Obama, McCain strike familiar chords in last appeal to voters before election.



WASHINGTON — Democrat Barack Obama, saying he felt “peaceful” as polls found him poised to win election Tuesday as the nation’s next president — and to become the first African-American to win the office — battled John McCain across crucial swing states Monday as both candidates made last-ditch bids for support.

A record turnout was expected Tuesday to pick the 44th president of the United States, with Republican McCain trying to pull off what would arguably be the biggest presidential upset since Harry S Truman beat Thomas Dewey 60 years ago.

As they dueled across Florida, Virginia and other battleground states, Obama alternated between being cocky and cautious, while McCain was feisty and eager to fight.

Obama’s day turned somber in the afternoon, though, as he got word that his grandmother Madelyn Dunham had died. He’d interrupted his campaign late last month for a final visit with Dunham, who’d raised him, in Hawaii.

“She was the cornerstone of our family, and a woman of extraordinary accomplishment, strength and humility. She was the person who encouraged and allowed us to take chances,” Obama said in a joint statement with his half-sister, Maya Soetoro-Ng.

In North Carolina, Obama called Dunham “one of those quiet heroes that we have all across America who, they’re not famous, their names aren’t in the newspapers, but each and every day they work hard, they look after their families, they sacrifice for their children and their grandchildren. They aren’t seeking the limelight. All they try to do is just do the right thing.”

Obama, like McCain, spent most of Monday campaigning on familiar themes.
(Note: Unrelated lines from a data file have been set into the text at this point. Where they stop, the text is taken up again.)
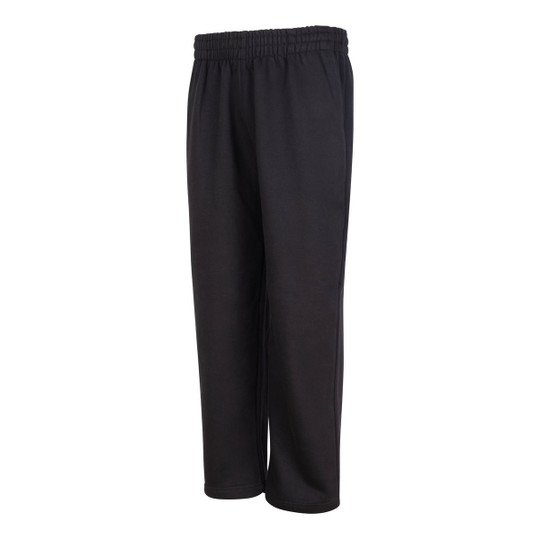 AWDIS JH128 - Oversized straight jogging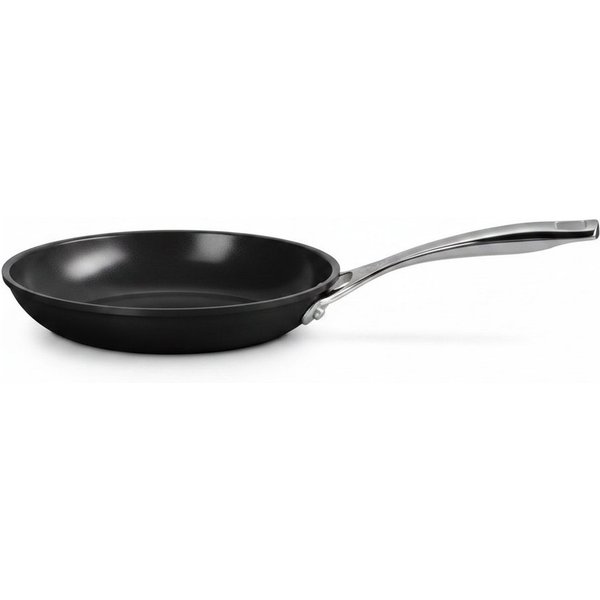 LE CREUSET Bratpfanne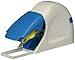 Logan WC6001 FoamWerks Foamboard Straight Cutter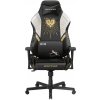 DXRacer DRIFTING METAPHOR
McCain pledged to keep taxes low; Obama said he would change Bush administration policies on the economy and the Iraq war.

“We are one day away from changing the United States of America,” Obama told a crowd of about 9,100 at Jacksonville’s Veterans Memorial Arena.

McCain was on the other side of the too-close-to-call state, trying to win its 27 electoral votes by starting a 20-hour, seven-state sprint in Tampa.

Though his talk drew only about 1,100 people — far fewer than he’d attracted at a midnight rally in Miami — the Arizona senator was pumped up by his morning reception.

“One day left, just one day left before we take America in a new direction, my friends. We need your help, we need your help and we will win,” he said.

Florida was the biggest swing-state prize. However, it was a measure of Obama’s strength that states such as Indiana and Virginia, which haven’t given their electoral votes to a Democrat since 1964, and North Carolina, which last went Democratic in 1976, also were getting lots of last-minute attention.

Nationally, the Illinois senator had a 7.4 percentage-point lead, according to an average of 13 surveys taken in the past week, according to RealClearPolitics.com.